Divine love is hard for me to comprehend. Why would someone innocent and kind agree to suffer for the hideous, for the murderers and malfactors of the world? Who hasn’t experienced betrayal at the hands of a lover or friend? The human reaction would be to go and kill that person or else take justice for the wrongs he or she has wrought on you. It seems counter-intuitive, almost stupid, that it is for the people who most do you harm that you would be willing to spill your blood, to give your precious life in an excruciatingly agonizing way. It’s like the young victim of 12 offering to go to the electric chair for her rapist and murderer?
Why?
Sometimes I can’t understand it.
Except that I know it has something to do with love. That it has something to do with faith. And hope.
First love. God must love His creation so deeply that He is willing to die for it. That underneath the murderer and the liar and the thief He sees the child of God. He sees the limitless power in that human being. Second, faith. So deep is His understanding of His creatures that He is willing to die to bring us back. To remind us that we are so worthy, so valuable even in our lowest that God can die in our stead.
Forgiveness is easier when you love. And God has showed us that He can forgive even the most despicable of us. We are worth the price of His most precious blood. We are worthy to be redeemed because despite what we think and feel about ourselves, despite what we think or feel about God, He has faith in us. He believes that we can change our ways, that we can hear His call, that we can come to know that we are children of God and worthy of our nobility. Ultimately Jesus hanging on the Cross has more to do with us, humanity, than Him.
Lastly, hope. Christ’s Crucufixion I think is an act of hope. In witnessing the greatest sacrifice of all, that a man might lay down his life for his friends, we are given hope that we can change. That we are worthy to be called sons of God. That our life even if it be fraught with brutality, violence, betrayal, anxiety, death, that there is hope. All these things must come to pass so that the mighty Ressurection might be all the more glorious.
So then my friends I am no theologian but I know this–that God so loved the world, the wayward sinful world, that He gave His only begotten son, to save it. Love. That’s the reason the Lord hangs in front of you on a Cross today Good Friday. Because He loves you enough that even in your most hideous, He is willing to take your place on the scales of universal justice. He believes in You more than you believe in yourself, more than you believe in Him. And that is an unbearable mystery.
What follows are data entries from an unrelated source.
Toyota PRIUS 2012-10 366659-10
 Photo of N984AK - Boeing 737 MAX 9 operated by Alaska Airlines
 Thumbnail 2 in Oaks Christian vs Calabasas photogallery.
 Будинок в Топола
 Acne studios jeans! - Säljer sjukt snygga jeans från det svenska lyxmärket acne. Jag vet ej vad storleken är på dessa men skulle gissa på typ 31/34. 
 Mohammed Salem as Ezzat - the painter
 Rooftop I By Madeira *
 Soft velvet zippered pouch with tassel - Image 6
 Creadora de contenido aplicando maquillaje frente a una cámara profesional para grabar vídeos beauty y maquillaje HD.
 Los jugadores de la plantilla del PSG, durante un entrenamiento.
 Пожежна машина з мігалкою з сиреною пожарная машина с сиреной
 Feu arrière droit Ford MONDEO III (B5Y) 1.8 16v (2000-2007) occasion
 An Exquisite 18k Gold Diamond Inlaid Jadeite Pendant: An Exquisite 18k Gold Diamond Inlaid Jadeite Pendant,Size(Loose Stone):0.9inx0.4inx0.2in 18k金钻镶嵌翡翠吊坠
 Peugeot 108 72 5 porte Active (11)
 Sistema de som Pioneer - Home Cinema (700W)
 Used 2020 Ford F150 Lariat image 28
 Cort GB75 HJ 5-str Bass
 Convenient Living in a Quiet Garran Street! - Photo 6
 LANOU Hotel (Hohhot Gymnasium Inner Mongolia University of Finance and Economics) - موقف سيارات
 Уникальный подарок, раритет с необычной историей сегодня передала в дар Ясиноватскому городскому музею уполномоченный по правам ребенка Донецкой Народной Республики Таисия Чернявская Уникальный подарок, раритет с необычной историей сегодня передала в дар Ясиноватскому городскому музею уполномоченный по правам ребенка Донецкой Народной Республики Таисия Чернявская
As Christians we must be moved by His example and become like Him. We too must know that the people closest to us will betray us someday, we must love them anyway. We must understand that we will suffer death, mockery, injustice. The world will hate us. But this is just how it must be. It is our destiny, if we are to walk in imitation of Him. It is through the vale of tears that we will glimpse the Bourne of the promised land, the kingdom of heaven.
This I know.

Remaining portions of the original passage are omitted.